Zhang Huaqun, Amick Joseph, Chakravarti Ritu, Santarriaga Stephanie, Schlanger Simon, McGlone Cameron, Dare Michelle, Nix Jay C, Scaglione K Matthew, Stuehr Dennis J, Misra Saurav, Page Richard C
Department of Chemistry and Biochemistry, Miami University, Oxford, OH 45056, USA.
Department of Molecular Cardiology, Lerner Research Institute, Cleveland Clinic, Cleveland, OH 44195, USA.
Structure. 2015 Mar 3;23(3):472-482. doi: 10.1016/j.str.2015.01.003. Epub 2015 Feb 12.
The ubiquitin ligase CHIP plays an important role in cytosolic protein quality control by ubiquitinating proteins chaperoned by Hsp70/Hsc70 and Hsp90, thereby targeting such substrate proteins for degradation. We present a 2.91 Å resolution structure of the tetratricopeptide repeat (TPR) domain of CHIP in complex with the α-helical lid subdomain and unstructured tail of Hsc70. Surprisingly, the CHIP-TPR interacts with determinants within both the Hsc70-lid subdomain and the C-terminal PTIEEVD motif of the tail, exhibiting an atypical mode of interaction between chaperones and TPR domains. We demonstrate that the interaction between CHIP and the Hsc70-lid subdomain is required for proper ubiquitination of Hsp70/Hsc70 or Hsp70/Hsc70-bound substrate proteins. Posttranslational modifications of the Hsc70 lid and tail disrupt key contacts with the CHIP-TPR and may regulate CHIP-mediated ubiquitination. Our study shows how CHIP docks onto Hsp70/Hsc70 and defines a bipartite mode of interaction between TPR domains and their binding partners.

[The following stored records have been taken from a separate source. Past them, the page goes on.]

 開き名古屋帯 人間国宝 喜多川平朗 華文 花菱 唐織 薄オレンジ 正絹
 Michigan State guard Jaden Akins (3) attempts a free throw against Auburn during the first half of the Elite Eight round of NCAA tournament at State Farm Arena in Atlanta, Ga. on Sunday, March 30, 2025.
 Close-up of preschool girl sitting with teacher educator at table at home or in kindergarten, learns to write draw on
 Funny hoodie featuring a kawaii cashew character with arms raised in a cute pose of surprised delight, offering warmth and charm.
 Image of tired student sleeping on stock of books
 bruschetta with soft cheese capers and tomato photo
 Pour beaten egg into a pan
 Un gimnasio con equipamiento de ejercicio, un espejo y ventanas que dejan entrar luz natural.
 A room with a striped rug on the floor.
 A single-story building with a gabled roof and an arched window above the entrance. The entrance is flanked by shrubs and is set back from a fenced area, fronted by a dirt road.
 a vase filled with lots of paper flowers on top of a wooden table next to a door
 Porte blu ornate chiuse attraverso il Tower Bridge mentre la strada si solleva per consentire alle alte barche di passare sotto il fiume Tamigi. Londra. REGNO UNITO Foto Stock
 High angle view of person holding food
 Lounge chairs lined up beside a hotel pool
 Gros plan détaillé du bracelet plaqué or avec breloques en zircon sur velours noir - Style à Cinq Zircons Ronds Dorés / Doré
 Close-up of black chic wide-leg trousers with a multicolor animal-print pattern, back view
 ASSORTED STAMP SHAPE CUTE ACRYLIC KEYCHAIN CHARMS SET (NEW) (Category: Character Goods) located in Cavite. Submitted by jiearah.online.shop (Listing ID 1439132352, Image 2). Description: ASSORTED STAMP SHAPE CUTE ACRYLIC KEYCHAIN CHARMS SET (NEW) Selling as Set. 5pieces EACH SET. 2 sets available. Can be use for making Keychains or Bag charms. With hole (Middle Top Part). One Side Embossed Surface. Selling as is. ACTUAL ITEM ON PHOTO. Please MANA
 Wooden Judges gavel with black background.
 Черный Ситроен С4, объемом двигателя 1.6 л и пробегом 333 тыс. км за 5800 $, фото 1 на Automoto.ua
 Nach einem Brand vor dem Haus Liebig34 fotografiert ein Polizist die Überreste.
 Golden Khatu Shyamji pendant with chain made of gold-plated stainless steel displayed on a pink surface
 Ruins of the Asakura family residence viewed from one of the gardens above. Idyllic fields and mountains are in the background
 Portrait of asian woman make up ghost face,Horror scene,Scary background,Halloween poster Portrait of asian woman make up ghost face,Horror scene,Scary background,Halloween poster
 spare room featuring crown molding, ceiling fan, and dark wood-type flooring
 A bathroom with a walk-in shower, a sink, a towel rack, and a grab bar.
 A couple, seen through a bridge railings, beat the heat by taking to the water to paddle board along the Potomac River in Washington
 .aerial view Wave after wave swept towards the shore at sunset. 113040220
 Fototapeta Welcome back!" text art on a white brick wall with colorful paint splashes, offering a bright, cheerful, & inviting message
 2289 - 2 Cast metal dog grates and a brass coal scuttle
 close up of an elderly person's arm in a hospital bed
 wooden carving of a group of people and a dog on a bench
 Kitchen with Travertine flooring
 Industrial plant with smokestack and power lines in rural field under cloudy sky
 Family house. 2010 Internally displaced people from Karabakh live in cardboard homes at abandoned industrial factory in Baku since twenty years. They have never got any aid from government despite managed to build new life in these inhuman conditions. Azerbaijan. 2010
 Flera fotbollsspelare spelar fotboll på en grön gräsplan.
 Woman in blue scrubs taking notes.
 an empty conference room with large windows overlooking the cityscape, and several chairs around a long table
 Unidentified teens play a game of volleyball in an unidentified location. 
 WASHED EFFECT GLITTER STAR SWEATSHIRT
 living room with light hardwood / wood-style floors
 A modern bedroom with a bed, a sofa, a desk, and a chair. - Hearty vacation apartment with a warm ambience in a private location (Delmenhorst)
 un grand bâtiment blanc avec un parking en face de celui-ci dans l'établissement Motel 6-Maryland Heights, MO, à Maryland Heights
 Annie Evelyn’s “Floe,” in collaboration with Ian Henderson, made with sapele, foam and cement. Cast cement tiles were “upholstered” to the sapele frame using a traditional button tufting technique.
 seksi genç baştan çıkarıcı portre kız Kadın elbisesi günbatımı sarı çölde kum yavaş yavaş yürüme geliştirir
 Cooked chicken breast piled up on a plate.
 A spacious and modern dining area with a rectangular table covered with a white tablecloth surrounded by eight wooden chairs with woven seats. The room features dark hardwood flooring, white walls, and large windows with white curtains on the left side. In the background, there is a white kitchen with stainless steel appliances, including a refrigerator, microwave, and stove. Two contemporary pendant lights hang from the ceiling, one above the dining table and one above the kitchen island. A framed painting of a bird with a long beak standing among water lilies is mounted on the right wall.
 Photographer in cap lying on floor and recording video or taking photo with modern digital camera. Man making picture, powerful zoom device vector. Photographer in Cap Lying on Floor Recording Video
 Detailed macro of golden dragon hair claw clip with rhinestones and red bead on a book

泛素连接酶CHIP通过对由Hsp70/Hsc70和Hsp90伴侣的蛋白质进行泛素化,在胞质蛋白质质量控制中发挥重要作用,从而将此类底物蛋白靶向降解。我们展示了CHIP的四肽重复(TPR)结构域与Hsc70的α-螺旋盖亚结构域和无结构尾巴形成复合物的2.91 Å分辨率结构。令人惊讶的是,CHIP-TPR与Hsc70盖亚结构域和尾巴的C末端PTIEEVD基序内的决定簇相互作用,呈现出伴侣蛋白与TPR结构域之间非典型的相互作用模式。我们证明,CHIP与Hsc70盖亚结构域之间的相互作用对于Hsp70/Hsc70或与Hsp70/Hsc70结合的底物蛋白的正确泛素化是必需的。Hsc70盖子和尾巴的翻译后修饰破坏了与CHIP-TPR的关键接触,并可能调节CHIP介导的泛素化。我们的研究展示了CHIP如何停靠在Hsp70/Hsc70上,并定义了TPR结构域与其结合伙伴之间的二分相互作用模式。